Keys follow "GPA: STRATA" convention, e.g.: "GPA: X,Y" — main association results "GPA: VAR" — descriptive statistics (mode=”stats”) "GPA: X" — comparison test results (mode=”comp”)

Return type:

dict[str, pd.DataFrame]

lunapi.gpa.gpa_dump(dat_path: str, **filter_opts) pandas.DataFrame[source]

Dump the raw data matrix from a .dat file as a DataFrame.

Any keyword argument is forwarded as a Luna parameter string, e.g. X="male", lvars="PSD_CH_CZ_F_13.5".

lunapi.gpa.gpa_get_xy_partial(xvar: str, yvar: str, zvars: List[str])[source]

Return (ids, x_resid, y_resid) after regressing zvars out of both axes.

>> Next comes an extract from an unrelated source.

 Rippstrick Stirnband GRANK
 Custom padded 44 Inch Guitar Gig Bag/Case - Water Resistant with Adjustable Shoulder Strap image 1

Uses the same Rz = I - Z(Z’Z)^{-1}Z’ projection as the GPA linear model, so the residual scatter exactly matches what went into the regression. Falls back to gpa_get_xy() when zvars is empty.

Raises RuntimeError if no matrix is cached (call gpa_run() first).

lunapi.gpa.gpa_get_xy(xvar: str, yvar: str)[source]

Return (ids, x_vals, y_vals) from the cached GPA analysis matrix.

Filters to rows where both xvar and yvar are non-NaN — the exact same subjects used in the most recent gpa_run() call.

Raises RuntimeError if no matrix is cached (call gpa_run() first).

lunapi.gpa.gpa_clear_cache()[source]

Release the cached GPA analysis matrix to free memory.